Homer Alaska - Business

Story last updated at 12:11 PM on Wednesday, March 7, 2012

Senate panel passes its version of oil-tax revision

By Tim Bradner
Morris News Service - Alaska

The Senate Resources Committee approved proposed changes late Friday to the state's oil and gas production tax, as part of an effort to attract more industry investment in declining North Slope fields.

House leaders and industry spokesmen said Monday the changes don't go far enough.

Sen. Joe Paskvan, a Democrat from Fairbanks and co-chair of the Senate committee, defended his panel's proposal. "The committee substitute makes significant changes in the state's oil and gas production tax," Paskvan said.

However, the other committee co-chair, Sen. Tom Wagoner, R-Kenai, opposed the bill and was one of two votes against moving the bill out of committee. The other was Sen. Lesil McGuire, R-Anchorage.

The bill has now moved to the Senate Finance Committee, where more work will be done.

Initial estimates are that the changes would reduce taxes on producers by about $250 million per year, but the Department of Revenue has not completed its analysis of the fiscal impact.

Alaska North Slope fields are declining at 6 percent to 8 percent a year and producers say the state's high tax rate is an impediment to new investment particularly in existing fields.

Industry spokesmen, who spoke to an earlier version of the bill Thursday, said that without a key change considered but rejected by the Senate Resources Committee Friday the bill, Senate Bill 192, isn't enough to bring new investment.

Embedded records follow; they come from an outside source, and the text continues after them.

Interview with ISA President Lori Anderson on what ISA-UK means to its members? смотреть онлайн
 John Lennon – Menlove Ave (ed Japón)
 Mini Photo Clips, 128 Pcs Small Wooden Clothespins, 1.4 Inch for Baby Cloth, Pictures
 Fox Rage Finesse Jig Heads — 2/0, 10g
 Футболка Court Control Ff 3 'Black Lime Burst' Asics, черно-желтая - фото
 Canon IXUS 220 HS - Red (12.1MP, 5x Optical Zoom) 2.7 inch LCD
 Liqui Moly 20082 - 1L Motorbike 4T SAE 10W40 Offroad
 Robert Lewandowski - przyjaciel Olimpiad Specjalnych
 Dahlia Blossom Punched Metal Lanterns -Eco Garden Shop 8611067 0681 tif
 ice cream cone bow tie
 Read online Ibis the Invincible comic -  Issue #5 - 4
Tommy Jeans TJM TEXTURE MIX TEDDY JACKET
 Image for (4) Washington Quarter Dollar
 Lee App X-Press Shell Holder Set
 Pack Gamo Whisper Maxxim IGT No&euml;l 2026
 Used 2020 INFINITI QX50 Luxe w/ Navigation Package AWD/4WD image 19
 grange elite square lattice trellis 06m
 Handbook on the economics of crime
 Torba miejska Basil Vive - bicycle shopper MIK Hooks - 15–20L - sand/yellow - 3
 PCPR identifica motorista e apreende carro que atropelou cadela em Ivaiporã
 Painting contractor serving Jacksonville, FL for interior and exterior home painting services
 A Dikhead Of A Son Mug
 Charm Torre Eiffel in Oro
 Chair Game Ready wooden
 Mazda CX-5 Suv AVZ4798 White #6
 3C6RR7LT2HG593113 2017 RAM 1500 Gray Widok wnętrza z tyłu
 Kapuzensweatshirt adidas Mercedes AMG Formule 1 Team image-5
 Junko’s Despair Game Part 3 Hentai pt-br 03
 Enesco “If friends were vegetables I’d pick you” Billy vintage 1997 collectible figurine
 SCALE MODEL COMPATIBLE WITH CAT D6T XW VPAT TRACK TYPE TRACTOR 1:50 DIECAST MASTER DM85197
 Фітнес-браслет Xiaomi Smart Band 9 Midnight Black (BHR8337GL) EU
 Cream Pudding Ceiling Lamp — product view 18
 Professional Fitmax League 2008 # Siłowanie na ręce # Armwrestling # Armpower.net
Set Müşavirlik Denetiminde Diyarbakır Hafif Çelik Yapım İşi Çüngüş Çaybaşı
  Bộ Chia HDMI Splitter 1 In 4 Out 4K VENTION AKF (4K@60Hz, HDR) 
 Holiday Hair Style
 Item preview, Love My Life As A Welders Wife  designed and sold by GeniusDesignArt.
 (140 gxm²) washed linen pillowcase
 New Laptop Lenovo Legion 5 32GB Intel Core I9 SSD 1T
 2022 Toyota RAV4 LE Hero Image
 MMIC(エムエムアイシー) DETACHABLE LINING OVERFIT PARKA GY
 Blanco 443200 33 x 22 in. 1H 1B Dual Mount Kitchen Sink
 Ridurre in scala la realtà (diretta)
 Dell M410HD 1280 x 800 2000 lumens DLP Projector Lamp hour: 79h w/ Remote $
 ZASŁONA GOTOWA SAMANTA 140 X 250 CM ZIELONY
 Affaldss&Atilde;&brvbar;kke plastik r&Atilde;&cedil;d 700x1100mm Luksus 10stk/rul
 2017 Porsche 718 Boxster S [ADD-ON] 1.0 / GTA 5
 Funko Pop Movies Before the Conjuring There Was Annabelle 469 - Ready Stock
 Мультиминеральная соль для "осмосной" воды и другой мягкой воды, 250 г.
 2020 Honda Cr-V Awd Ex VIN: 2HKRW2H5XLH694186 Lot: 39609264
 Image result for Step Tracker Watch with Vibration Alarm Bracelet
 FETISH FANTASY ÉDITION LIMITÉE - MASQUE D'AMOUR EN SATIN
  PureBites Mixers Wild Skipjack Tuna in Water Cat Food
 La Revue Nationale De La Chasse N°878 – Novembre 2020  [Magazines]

Damian Bilbao, head of BP's Alaska finance and new developments group, said that without the inclusion of a tax "bracketing" mechanism the change doesn't have sufficient financial effect for producers.

North Slope producers and Alaska Gov. Sean Parnell support a separate bill that has passed the state House and is now in the Senate, and that does include bracketing of the tax.

Senators, however, feel the House bill gives away too much to producers and want to push their own bill.

SB 192, as approved by the Resources Committee, would change a formula in the production tax that sharply increases the tax rate at high oil prices and also caps the tax at 60 percent of net profits. In the current law the cap is at 75 percent.

The committee bill added a new section that would further reduce taxes on "new" oil produced above a base rate of existing production in producing fields, and added a minimum tax based on gross revenues to protect the state as oil prices decline.

One other change separated the tax on crude oil from natural gas.

Under current law the two are joined with the tax imposed on the computed British Thermal Unit value of combined streams of oil and gas when the two are produced together in wells.

Consultants have warned the Legislature that because of the sharply differing values of crude oil and natural gas the combined tax could result in substantial losses of revenues from oil once commercial production of gas begins on the North Slope.

A change important to industry that was rejected by the Senate committee but may still be considered in the Finance committee is a "bracketing" of the tax, so that higher tax rates would apply to brackets of production as the crude oil prices rather than the entire stream of production as is the case in the current tax.

In an attempted amendment, McGuire proposed bracketing but the proposal was rejected on a 5-2 vote by the committee. Sen. Bert Stedman, Republican from Sitka and a member of the committee, said bracketing or something similar will be considered in the Finance Committee, where he is co-chair.

Tim Bradner is a reporter for the Alaska Journal of Commerce.